• Exercise prompt: The material below contains a line with "Y2K Low Rise" and a line with "Mehrfamilienhaus in Hamburg-Eppendorf: Gerade". Copy exactly those two lines and all lines between them.

• Records to use:
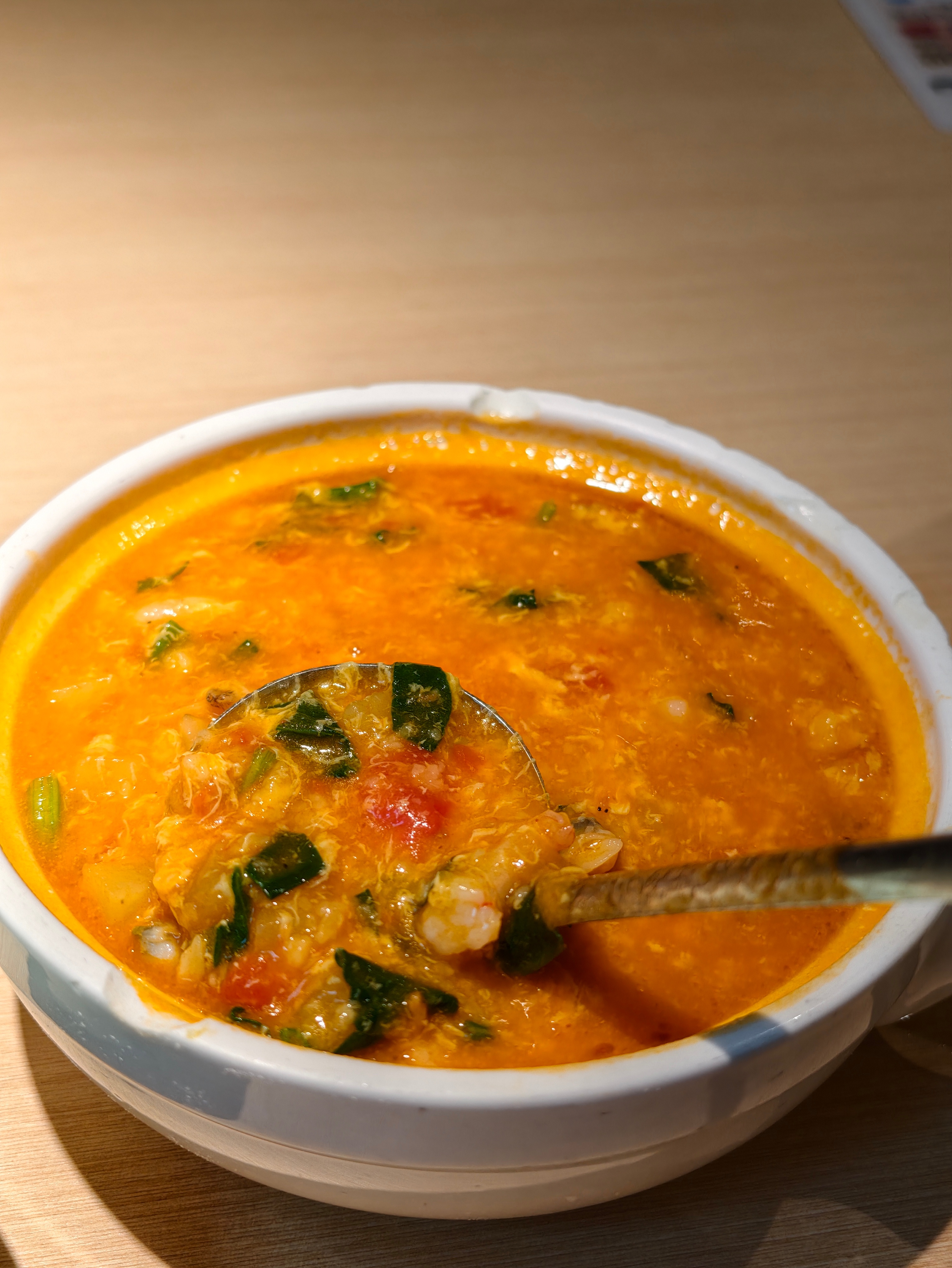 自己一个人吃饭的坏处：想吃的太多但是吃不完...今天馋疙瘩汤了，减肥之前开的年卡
==
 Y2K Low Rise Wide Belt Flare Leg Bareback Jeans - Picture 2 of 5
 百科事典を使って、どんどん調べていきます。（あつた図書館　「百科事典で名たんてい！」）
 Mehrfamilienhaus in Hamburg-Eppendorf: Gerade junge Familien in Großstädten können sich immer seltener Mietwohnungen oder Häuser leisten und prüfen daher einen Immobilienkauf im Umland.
--
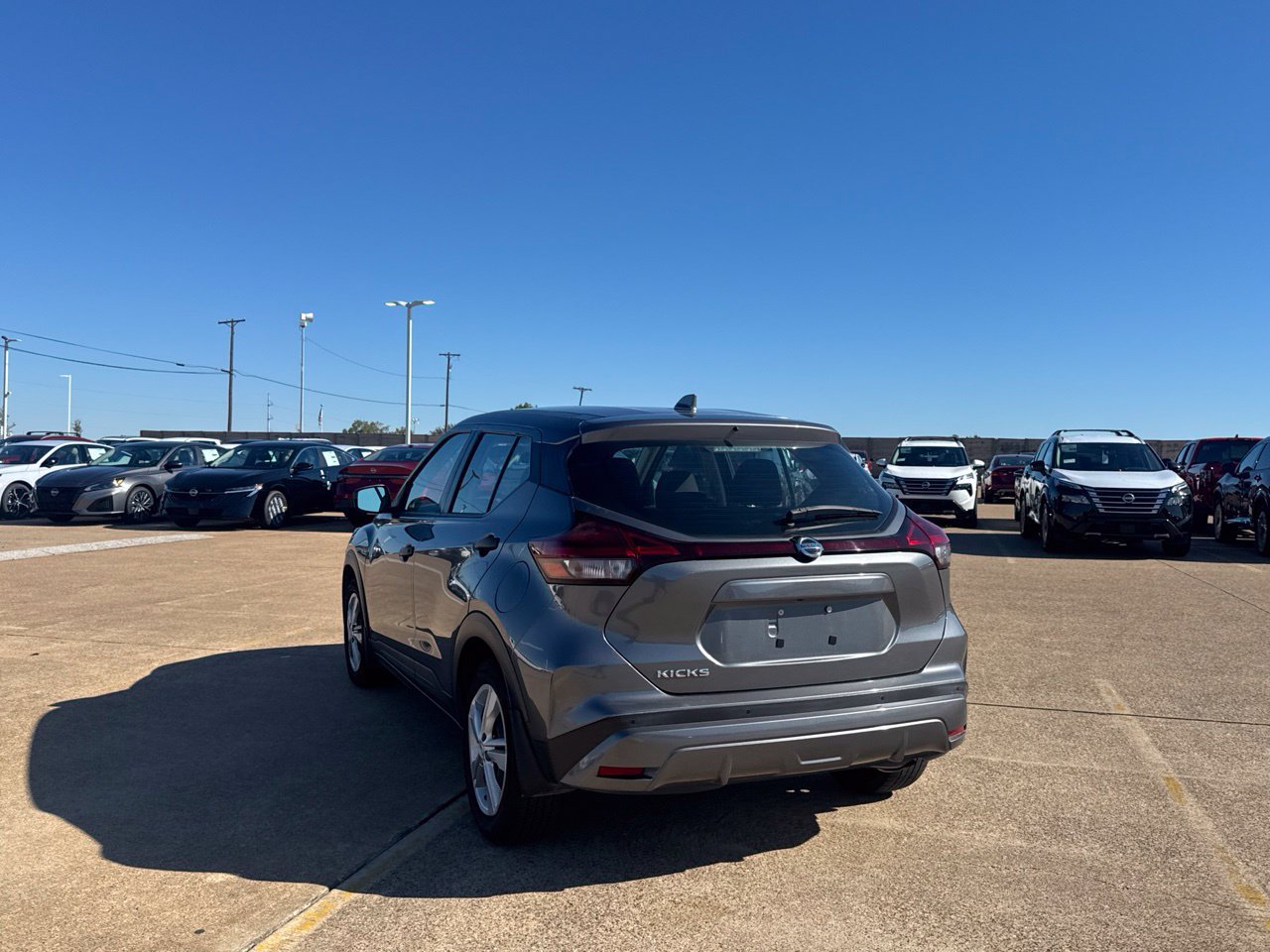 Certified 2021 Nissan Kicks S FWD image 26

• Response to the exercise:
 Y2K Low Rise Wide Belt Flare Leg Bareback Jeans - Picture 2 of 5
 百科事典を使って、どんどん調べていきます。（あつた図書館　「百科事典で名たんてい！」）
 Mehrfamilienhaus in Hamburg-Eppendorf: Gerade junge Familien in Großstädten können sich immer seltener Mietwohnungen oder Häuser leisten und prüfen daher einen Immobilienkauf im Umland.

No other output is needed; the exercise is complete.